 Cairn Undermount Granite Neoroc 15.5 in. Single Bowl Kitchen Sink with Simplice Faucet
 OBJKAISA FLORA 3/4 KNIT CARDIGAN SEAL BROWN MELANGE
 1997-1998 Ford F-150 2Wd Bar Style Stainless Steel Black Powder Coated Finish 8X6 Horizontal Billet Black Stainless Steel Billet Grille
...
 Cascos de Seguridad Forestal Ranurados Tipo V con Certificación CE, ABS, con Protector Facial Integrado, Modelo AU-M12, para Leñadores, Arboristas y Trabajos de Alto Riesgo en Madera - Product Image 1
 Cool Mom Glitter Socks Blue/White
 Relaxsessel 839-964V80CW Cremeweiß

How to complete this task ::
Above are records; repeat only the lines starting at the line with "OBJKAISA FLORA 3/4" and ending at the line with "1997-1998 Ford F-150", exactly as they appear, both included.

Result of this exercise ::
 OBJKAISA FLORA 3/4 KNIT CARDIGAN SEAL BROWN MELANGE
 1997-1998 Ford F-150 2Wd Bar Style Stainless Steel Black Powder Coated Finish 8X6 Horizontal Billet Black Stainless Steel Billet Grille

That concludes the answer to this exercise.